Though my amendment is likely to fail, my recipe is not. Give it a whirl.
My very favorite potato salad includes bacon, so I usually start by frying up a couple of slices. This is optional, though. I cube eight medium potatoes and boil them for about ten minutes in heavily salted water. Salting the heck out of the water is one of the keys to delicious potato salad -- I don't think you can get boiled potatoes salted properly after they're cooked. I usually boil my eggs, about three of them, in the same pot with the potatoes. While everything's aboil, make the dressing. Combine a cup of mayo (or a mix of mayo and sour cream, or I suppose you could use yogurt if you were so inclined) with the juice of half a lemon and a healthy shake of Old Bay -- enough to tint the mayo a pretty pale coral. [ETA: I love lemon and have a high tolerance for tart. You might want to start with less lemon juice and see how it suits you.] Drain the pot and fish out the eggs. While the potatoes are hot, if you are feeling decadent and are not expecting any cardiologists at your party, you can sprinkle a spoonful of bacon fat over them. If this strikes you as repulsive or if you worry about saturated fat, skip that step and just toss them gently in the dressing while they're still warm. Finely mince a stalk of celery (for crunch) and about three green onions (for punch). When the eggs are cool enough to handle, crumble them in along with the bacon. Stir it all together and save some for me!
I think the right to good potato salad was originally guaranteed just after the right to bear arms.
I have seen this somewhere, Wikipedia perhaps:
"A well regulated and well fed Militia, being necessary to the security of a free State, the right of the people to keep and bear Arms and eat delicious Potato Salads, shall not be infringed."
That might have been an early draft, now that I think about it.

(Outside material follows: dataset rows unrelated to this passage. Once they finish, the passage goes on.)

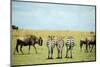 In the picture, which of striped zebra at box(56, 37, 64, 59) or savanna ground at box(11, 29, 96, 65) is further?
striped zebra at box(56, 37, 64, 59)

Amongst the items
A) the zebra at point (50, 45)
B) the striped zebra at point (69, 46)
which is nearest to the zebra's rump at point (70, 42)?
the striped zebra at point (69, 46)

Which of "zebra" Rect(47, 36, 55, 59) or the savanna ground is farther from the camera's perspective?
"zebra" Rect(47, 36, 55, 59)

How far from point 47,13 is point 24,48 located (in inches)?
18.3

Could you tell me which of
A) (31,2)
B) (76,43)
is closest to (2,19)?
(31,2)

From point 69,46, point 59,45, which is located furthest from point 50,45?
point 69,46

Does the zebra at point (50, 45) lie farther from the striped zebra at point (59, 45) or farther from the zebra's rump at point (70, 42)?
the zebra's rump at point (70, 42)

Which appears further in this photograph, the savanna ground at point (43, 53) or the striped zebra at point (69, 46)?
the striped zebra at point (69, 46)

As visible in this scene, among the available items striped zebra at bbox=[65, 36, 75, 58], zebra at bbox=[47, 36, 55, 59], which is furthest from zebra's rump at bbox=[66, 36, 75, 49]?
zebra at bbox=[47, 36, 55, 59]

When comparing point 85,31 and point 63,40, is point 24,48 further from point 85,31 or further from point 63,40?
point 85,31

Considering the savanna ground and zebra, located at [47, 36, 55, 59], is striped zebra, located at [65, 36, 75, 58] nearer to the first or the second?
the savanna ground

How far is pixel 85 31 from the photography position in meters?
2.54

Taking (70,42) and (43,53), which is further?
(70,42)

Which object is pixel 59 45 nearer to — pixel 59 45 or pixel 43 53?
pixel 59 45

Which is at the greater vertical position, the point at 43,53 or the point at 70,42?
the point at 70,42
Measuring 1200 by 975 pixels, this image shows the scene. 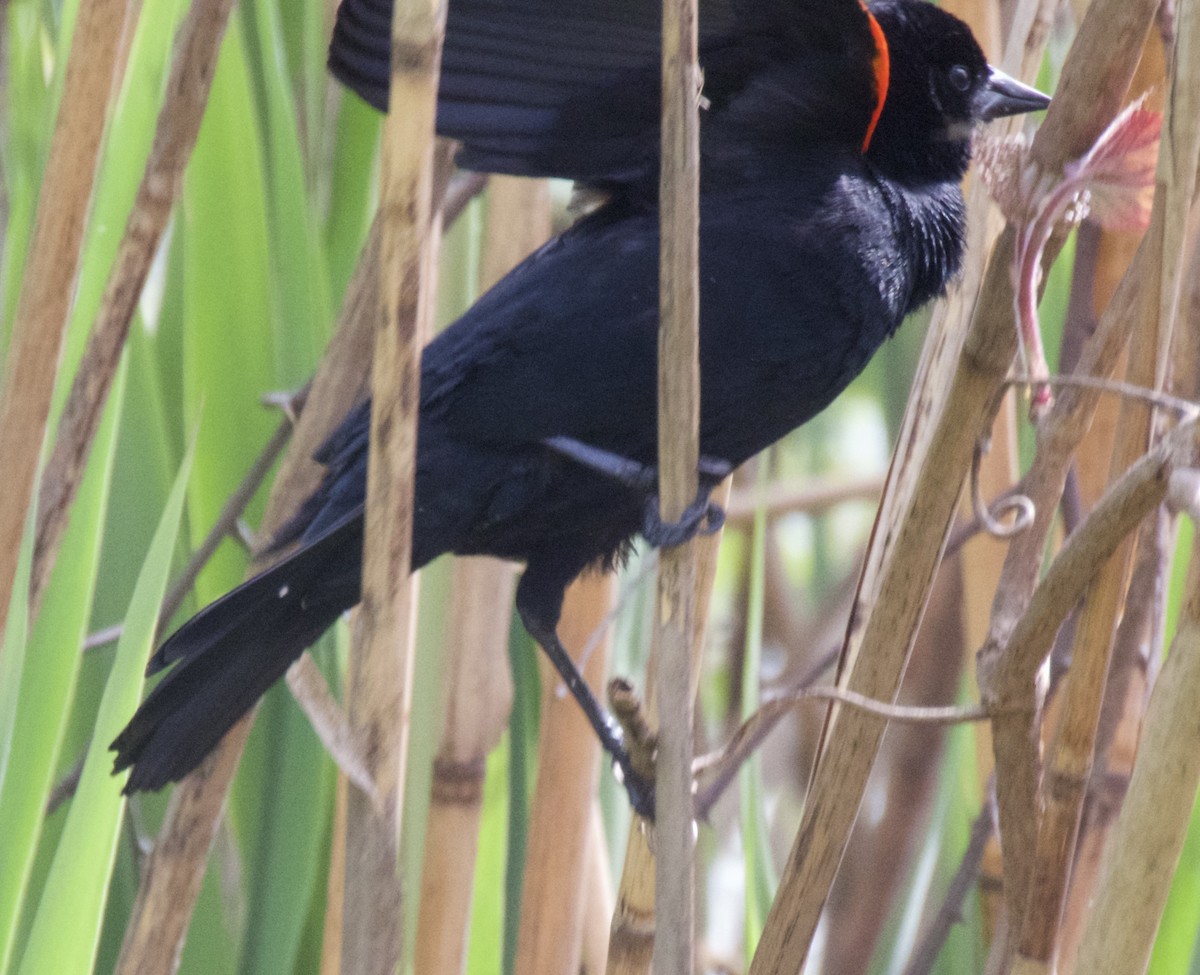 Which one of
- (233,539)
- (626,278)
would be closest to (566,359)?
(626,278)

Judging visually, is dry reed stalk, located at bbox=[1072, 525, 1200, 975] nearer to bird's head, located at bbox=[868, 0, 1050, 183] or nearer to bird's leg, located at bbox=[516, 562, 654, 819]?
bird's leg, located at bbox=[516, 562, 654, 819]

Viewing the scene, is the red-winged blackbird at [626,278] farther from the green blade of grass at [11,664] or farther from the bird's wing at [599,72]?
the green blade of grass at [11,664]

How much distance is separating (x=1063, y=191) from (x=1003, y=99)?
16.5 inches

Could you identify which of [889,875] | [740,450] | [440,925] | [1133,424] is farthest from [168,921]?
[889,875]

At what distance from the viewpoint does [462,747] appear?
3.58 ft

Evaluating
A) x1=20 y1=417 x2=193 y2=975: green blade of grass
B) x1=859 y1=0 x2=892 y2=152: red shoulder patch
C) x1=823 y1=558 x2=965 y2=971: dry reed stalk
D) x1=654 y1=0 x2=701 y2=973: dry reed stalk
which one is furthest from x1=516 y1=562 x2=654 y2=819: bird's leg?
x1=823 y1=558 x2=965 y2=971: dry reed stalk

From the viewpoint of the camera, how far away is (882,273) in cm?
106

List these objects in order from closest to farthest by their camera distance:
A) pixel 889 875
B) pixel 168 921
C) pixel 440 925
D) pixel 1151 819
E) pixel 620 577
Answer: pixel 1151 819 → pixel 168 921 → pixel 440 925 → pixel 620 577 → pixel 889 875

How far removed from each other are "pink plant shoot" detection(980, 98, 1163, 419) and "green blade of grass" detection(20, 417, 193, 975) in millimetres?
490

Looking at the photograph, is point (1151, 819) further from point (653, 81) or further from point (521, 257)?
point (521, 257)

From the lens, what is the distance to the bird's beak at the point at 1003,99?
3.50 feet

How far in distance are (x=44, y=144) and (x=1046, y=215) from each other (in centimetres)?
67

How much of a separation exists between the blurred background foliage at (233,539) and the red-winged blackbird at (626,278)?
10 centimetres

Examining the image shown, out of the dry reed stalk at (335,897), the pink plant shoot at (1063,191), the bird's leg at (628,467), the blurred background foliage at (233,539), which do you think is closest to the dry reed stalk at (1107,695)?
the blurred background foliage at (233,539) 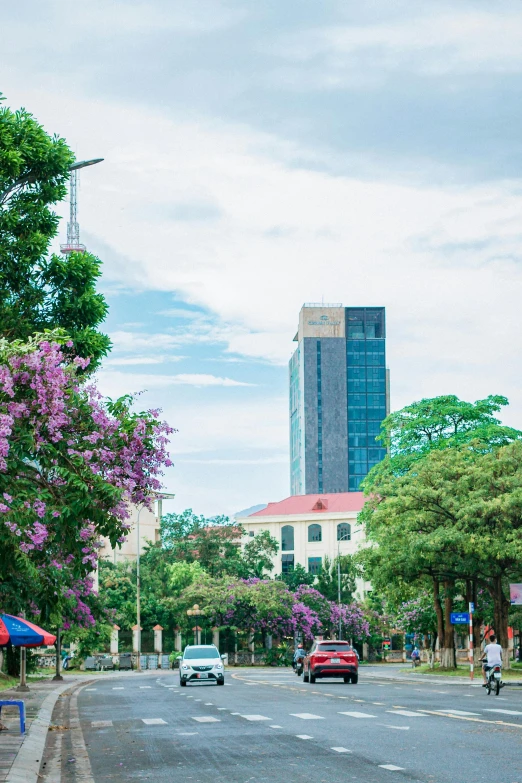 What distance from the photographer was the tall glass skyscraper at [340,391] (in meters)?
191

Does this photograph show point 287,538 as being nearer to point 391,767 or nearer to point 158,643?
point 158,643

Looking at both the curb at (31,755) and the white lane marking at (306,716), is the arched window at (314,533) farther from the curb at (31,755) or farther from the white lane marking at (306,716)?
the white lane marking at (306,716)

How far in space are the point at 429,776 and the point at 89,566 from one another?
18.6 ft

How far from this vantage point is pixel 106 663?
86.3 metres

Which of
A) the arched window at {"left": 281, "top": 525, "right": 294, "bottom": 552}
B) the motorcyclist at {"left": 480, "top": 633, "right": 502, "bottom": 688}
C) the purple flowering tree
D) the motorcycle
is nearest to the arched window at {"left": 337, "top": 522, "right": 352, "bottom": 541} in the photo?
the arched window at {"left": 281, "top": 525, "right": 294, "bottom": 552}

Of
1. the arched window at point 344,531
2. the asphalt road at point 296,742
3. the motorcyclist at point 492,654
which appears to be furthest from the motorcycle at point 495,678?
the arched window at point 344,531

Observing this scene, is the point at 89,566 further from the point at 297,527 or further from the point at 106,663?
the point at 297,527

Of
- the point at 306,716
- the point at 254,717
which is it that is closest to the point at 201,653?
the point at 254,717

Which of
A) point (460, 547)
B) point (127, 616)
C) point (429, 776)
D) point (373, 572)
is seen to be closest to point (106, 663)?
point (127, 616)

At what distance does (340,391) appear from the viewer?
191750 mm

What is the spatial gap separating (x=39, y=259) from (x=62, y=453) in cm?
1385

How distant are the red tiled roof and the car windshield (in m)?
80.7

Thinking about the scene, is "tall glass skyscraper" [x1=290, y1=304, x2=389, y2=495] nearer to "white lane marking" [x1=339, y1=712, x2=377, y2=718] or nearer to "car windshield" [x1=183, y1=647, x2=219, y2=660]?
"car windshield" [x1=183, y1=647, x2=219, y2=660]

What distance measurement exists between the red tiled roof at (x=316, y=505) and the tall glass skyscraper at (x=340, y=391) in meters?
57.0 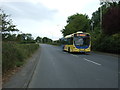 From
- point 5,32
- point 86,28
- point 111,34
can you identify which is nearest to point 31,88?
point 5,32

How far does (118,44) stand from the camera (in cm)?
2458

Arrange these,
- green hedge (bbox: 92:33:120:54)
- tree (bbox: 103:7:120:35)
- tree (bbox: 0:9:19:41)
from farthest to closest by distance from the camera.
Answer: green hedge (bbox: 92:33:120:54) < tree (bbox: 103:7:120:35) < tree (bbox: 0:9:19:41)

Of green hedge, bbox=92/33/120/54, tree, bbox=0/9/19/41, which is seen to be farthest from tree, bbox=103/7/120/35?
tree, bbox=0/9/19/41

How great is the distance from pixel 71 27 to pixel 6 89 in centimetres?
5789

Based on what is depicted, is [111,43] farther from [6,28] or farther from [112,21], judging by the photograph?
[6,28]

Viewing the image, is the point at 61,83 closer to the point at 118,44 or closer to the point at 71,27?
the point at 118,44

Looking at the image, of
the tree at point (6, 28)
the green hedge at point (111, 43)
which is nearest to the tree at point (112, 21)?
the green hedge at point (111, 43)

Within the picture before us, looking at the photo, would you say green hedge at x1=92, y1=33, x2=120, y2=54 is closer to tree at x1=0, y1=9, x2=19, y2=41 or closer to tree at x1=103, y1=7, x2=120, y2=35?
tree at x1=103, y1=7, x2=120, y2=35

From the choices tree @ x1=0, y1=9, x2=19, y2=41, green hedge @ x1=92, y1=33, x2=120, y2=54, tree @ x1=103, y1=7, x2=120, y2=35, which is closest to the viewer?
tree @ x1=0, y1=9, x2=19, y2=41

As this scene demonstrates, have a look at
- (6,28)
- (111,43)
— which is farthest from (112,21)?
(6,28)

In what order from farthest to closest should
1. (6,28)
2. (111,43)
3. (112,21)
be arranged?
(111,43) < (112,21) < (6,28)

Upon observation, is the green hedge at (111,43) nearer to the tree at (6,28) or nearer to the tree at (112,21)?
the tree at (112,21)

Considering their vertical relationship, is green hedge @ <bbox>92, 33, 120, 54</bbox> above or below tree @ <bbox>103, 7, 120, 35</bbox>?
below

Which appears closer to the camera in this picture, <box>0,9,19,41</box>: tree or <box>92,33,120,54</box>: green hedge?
<box>0,9,19,41</box>: tree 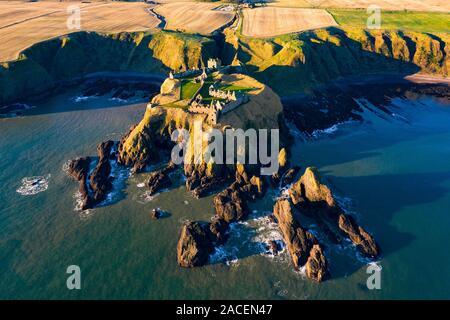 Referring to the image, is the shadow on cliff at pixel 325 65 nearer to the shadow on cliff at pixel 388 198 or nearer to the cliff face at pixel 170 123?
the cliff face at pixel 170 123

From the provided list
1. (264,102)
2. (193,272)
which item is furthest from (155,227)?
(264,102)

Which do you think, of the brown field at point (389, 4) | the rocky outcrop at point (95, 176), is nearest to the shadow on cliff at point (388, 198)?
the rocky outcrop at point (95, 176)

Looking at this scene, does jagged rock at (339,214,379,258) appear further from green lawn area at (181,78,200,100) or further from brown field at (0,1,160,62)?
brown field at (0,1,160,62)

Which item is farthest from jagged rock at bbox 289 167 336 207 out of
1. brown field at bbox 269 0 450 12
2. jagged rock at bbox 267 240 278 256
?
brown field at bbox 269 0 450 12

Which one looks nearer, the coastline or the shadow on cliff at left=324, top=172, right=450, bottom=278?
the shadow on cliff at left=324, top=172, right=450, bottom=278

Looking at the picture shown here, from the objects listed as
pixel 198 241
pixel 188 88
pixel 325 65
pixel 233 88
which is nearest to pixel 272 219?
pixel 198 241

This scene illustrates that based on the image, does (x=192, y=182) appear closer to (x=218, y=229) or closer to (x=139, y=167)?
(x=139, y=167) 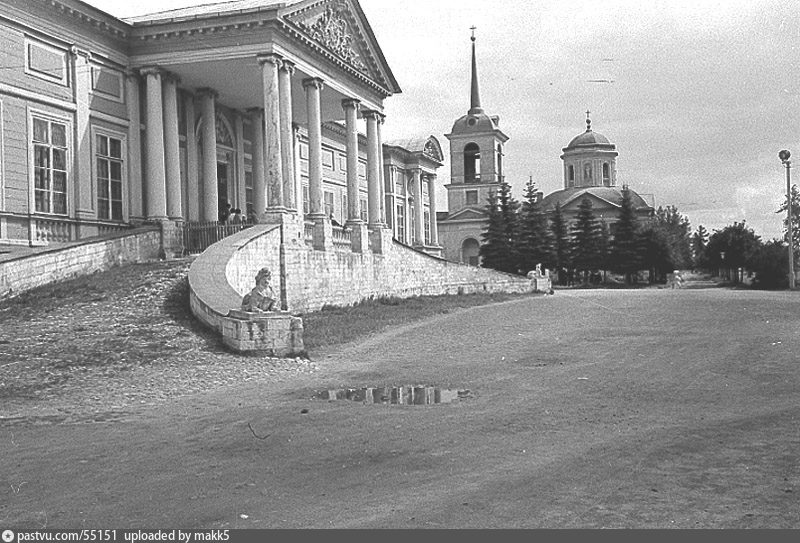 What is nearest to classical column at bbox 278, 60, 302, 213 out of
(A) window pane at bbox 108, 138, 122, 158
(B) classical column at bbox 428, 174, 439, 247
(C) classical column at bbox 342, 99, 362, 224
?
(A) window pane at bbox 108, 138, 122, 158

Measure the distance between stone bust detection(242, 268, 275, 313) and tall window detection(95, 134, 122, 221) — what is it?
10884 mm

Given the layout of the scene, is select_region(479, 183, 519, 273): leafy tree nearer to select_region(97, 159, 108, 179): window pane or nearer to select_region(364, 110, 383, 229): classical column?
select_region(364, 110, 383, 229): classical column

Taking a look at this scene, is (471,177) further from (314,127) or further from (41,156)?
(41,156)

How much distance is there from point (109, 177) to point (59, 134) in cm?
235

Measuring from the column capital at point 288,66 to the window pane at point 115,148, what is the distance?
542 cm

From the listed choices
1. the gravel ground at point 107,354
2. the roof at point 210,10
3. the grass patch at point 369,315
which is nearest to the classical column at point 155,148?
the roof at point 210,10

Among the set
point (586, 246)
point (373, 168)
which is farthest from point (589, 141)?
point (373, 168)

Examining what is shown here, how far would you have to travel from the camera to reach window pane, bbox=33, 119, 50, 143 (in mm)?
21048

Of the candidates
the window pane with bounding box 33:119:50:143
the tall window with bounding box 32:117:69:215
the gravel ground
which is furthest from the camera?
the tall window with bounding box 32:117:69:215

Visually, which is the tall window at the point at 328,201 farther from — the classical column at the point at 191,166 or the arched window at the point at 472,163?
the arched window at the point at 472,163

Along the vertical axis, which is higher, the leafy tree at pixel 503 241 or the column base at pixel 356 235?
the leafy tree at pixel 503 241

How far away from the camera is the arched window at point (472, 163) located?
90750 millimetres

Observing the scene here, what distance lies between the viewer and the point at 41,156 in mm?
21375

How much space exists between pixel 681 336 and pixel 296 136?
2092cm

I intend to try your recipe because it sounds both delicious and patriotic. Thanks!
Posted by: amy | July 05, 2007 at 01:16 PM
We have just embarked on our SIXTH reading of These Happy Golden Years in the past twelve months, after I insisted that we read something DIFFERENT, even if there are chapters and chapters WITHOUT Almanzo (seriously, why are my six-year old daughters so OBSESSED with this romance, anyway?), which translated into Little Town on the Prairie, with the picture of Almanzo tipping his hat to Laura outside the revival meetings bookmarked (with an oval print-out of a childrearing affirmation from Growing Up Again, of all things).
All of which is just evidence to back up my assertion that I've spent a lot of time lately thinking about the public education system back then. I mean, it appears to have been ALL memorization, really. And then there was just a review of a recent book about the role that "reciting pieces" used to have in American culture, at http://www.nytimes.com/2007/06/24/books/review/Sleigh-t.html
Of course, this starts to stray very close to my low-level embarrassment that I haven't ever memorized Bible verses, and my children have only memorized a few -- and those so haphazardly, typically as part of the VBS curriculum, that they can't still remember them now.
I think there's immense value in memorization, for its own sake and to make oneself an inheritor of an oral culture, but I don't value it enough to make the effort, apparently. Hmmmm.